Advanced Graph Algorithms in Spark Using GraphX Aggregated Messages And Collective Communication Techniques

GraphX

GraphX is a distributed graph processing framework on top of Apache Spark.

  • Ease of programming. By considering vertices and edges as first-class citizens, programmers can design their algorithms using properties attached to edges/nodes.
  • Memory Efficient: Most of the graph algorithms can be completed using a space complexity of O(V+E), distributed over the cluster, thus reducing memory burden on computational nodes and scales with the size of the graph.
  • Efficiency on graph problems. It supports iterative computations more efficiently than MapReduce because it keeps the dataset in memory rather than writing to disk after every iteration. Since most of the graph algorithms are iterative.

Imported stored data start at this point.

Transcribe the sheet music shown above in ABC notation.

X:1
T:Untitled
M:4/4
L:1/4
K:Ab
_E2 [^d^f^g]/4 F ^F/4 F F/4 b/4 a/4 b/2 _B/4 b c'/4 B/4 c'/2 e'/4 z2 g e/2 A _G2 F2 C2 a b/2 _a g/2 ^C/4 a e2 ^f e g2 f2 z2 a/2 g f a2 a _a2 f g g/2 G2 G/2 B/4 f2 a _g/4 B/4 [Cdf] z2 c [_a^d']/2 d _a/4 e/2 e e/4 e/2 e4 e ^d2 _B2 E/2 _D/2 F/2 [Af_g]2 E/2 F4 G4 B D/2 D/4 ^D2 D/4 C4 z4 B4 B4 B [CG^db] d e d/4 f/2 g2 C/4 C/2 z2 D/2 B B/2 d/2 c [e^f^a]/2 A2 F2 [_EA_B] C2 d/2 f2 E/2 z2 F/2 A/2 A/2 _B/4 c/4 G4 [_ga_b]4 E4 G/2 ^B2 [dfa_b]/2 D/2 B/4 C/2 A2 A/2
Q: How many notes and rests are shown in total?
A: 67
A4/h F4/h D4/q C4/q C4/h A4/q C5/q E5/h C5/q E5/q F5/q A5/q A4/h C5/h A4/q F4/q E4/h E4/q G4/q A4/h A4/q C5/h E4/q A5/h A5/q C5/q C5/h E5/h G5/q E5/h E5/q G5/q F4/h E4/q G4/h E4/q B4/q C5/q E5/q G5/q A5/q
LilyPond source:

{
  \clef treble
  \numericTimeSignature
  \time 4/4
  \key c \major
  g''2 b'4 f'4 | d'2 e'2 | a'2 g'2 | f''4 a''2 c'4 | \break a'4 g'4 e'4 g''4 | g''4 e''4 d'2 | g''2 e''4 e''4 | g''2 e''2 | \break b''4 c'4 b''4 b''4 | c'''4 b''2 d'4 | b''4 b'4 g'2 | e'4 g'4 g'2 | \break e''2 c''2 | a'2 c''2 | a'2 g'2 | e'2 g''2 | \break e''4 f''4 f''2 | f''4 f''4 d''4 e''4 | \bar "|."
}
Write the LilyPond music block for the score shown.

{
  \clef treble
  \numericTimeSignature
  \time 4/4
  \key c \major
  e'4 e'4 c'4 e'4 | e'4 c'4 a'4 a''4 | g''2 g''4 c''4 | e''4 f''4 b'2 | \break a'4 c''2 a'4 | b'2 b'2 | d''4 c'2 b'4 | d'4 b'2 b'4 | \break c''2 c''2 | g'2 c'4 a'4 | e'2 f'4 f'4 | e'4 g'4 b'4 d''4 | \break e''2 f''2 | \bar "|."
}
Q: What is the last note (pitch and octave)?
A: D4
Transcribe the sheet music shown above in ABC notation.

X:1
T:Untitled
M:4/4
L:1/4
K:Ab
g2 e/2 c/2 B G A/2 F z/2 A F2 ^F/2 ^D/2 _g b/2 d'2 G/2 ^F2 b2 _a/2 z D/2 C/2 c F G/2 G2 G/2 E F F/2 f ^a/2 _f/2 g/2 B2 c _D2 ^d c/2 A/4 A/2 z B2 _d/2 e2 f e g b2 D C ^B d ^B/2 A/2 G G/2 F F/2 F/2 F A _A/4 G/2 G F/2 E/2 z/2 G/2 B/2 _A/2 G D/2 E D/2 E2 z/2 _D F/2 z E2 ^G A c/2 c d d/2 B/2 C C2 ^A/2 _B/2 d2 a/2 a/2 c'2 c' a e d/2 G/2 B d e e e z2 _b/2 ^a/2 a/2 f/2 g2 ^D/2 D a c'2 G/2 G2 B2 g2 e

It also handles the fact that graph algorithms generally have poor memory access locality, by locating different vertices on different machines and passing messages between machines as necessary.
// With Syntactic sugar
private def inDegreesRDD:VertexRDD[Int] = {

def mapper(implicit ctx:EdgeContext) = ctx.sendToDst(1)
def reducer(a:Int,b:Int):Int = (a+b)

graph.aggregateMessages(ctx =>
( mapper(ctx),
reducer,
TripletFields.None)
}
// Without syntactic sugar
private def inDegreesRDD:VertexRDD[Int] = {
graph.aggregateMessages(_.sendToDst(1), _+_, TripletFields.None)
}
// With Syntactic sugar
private def outDegreesRDD:VertexRDD[Int] = {

def mapper(implicit ctx:EdgeContext) = ctx.sendToSrc(1)
def reducer(a:Int,b:Int):Int = (a+b)

graph.aggregateMessages(ctx =>
( mapper(ctx),
reducer,
TripletFields.None)
}
// Without syntactic sugar
private def outDegreesRDD:VertexRDD[Int] = {
graph.aggregateMessages(_.sendToSrc(1), _+_, TripletFields.None)
}
// With Syntactic sugar
private def degreesRDD:VertexRDD[Int] = {

def mapper(implicit ctx:EdgeContext) = {
ctx.sendToSrc(1), ctx.sendToDst(1)}
def reducer(a:Int,b:Int):Int = (a+b)

graph.aggregateMessages(ctx =>
( mapper(ctx),
reducer,
TripletFields.None)
}
// Without syntactic sugar
private def degreesRDD:VertexRDD[Int] = {
graph.aggregateMessages(
{ _.sendToSrc(1),_.sendToDst(1)},
_+_,
TripletFields.None)
}
import org.apache.spark.sql.{DataFrame, Row, SQLContext}
import org.apache.spark.sql.functions._
import org.apache.spark.{SparkConf, SparkContext}
import org.apache.spark.graphx.{Graph, VertexRDD, Edge => GXEdge}
import org.apache.spark.sql.types.{IntegerType, LongType}
import org.graphframes.GraphFrame

/**
* Created by greddy on 09/21/16.
*/

object Hits {

case class VertexAttr(srcId: Long, authScore: Double, hubScore:Double)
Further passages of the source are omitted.